» Dataset section
>>>

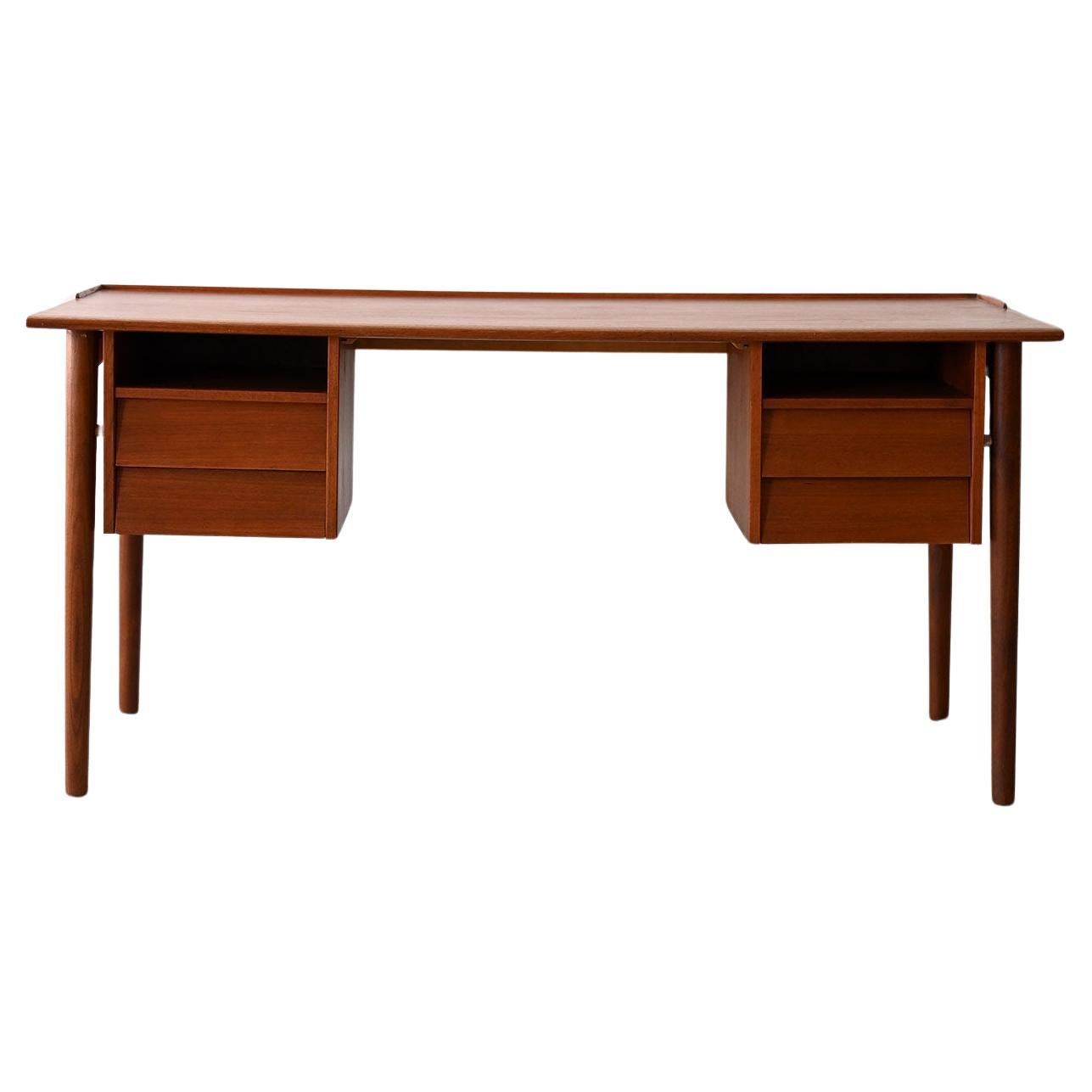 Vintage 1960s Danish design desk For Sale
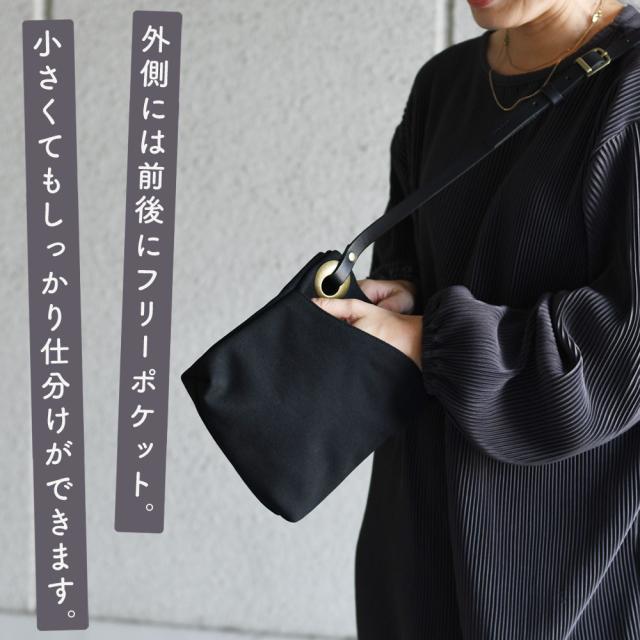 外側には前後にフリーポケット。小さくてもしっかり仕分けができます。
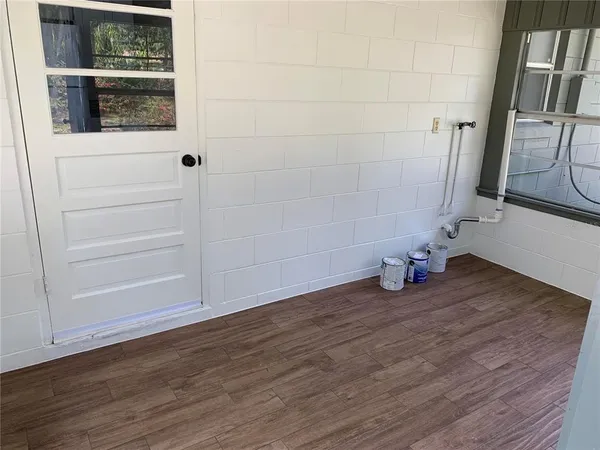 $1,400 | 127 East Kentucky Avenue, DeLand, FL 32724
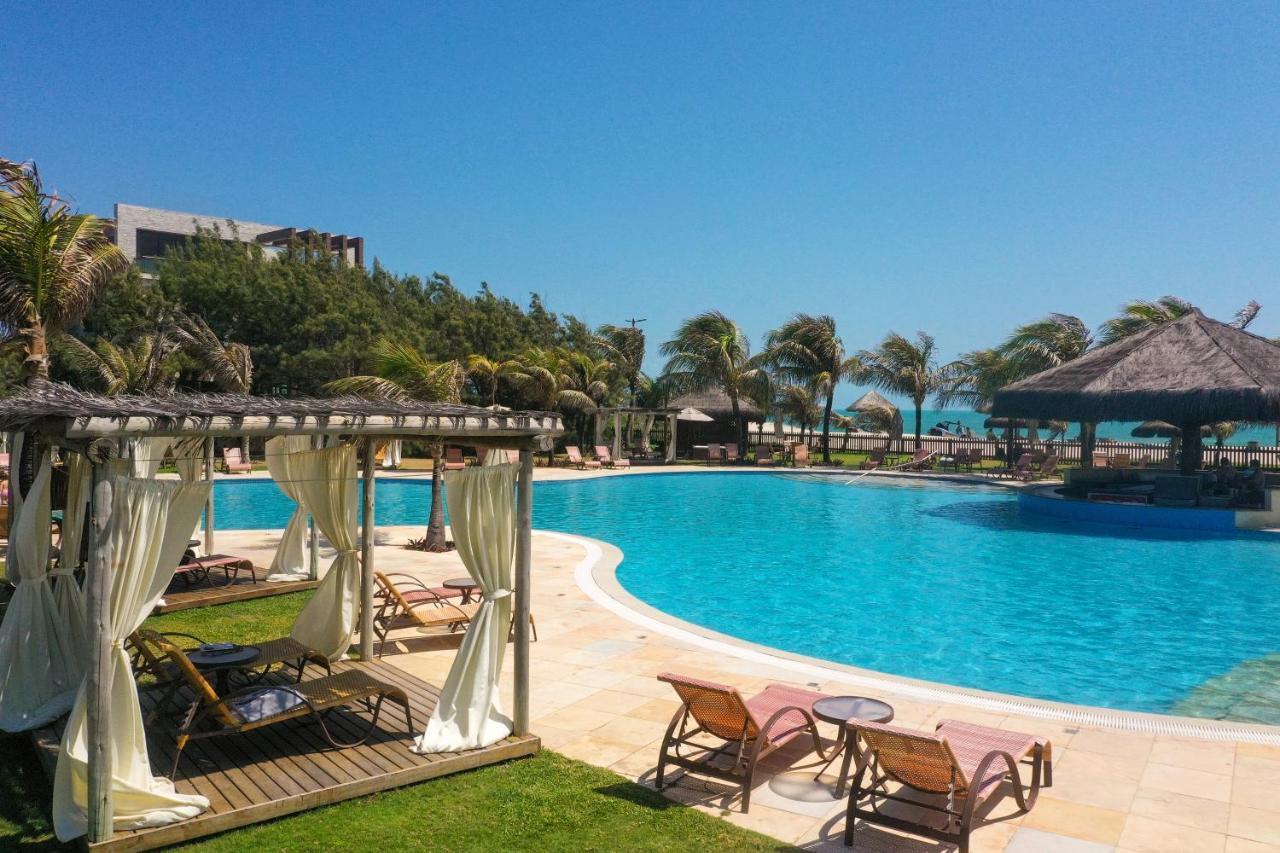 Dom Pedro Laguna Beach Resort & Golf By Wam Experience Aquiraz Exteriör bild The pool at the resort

<<<

Print, exactly as written, the lines from the one containing "外側には前後にフリーポケット。小さくてもしっかり仕分けができます。" to the end of the material, both ends included, and nothing else; no pictures.

 外側には前後にフリーポケット。小さくてもしっかり仕分けができます。
 $1,400 | 127 East Kentucky Avenue, DeLand, FL 32724
 Dom Pedro Laguna Beach Resort & Golf By Wam Experience Aquiraz Exteriör bild The pool at the resort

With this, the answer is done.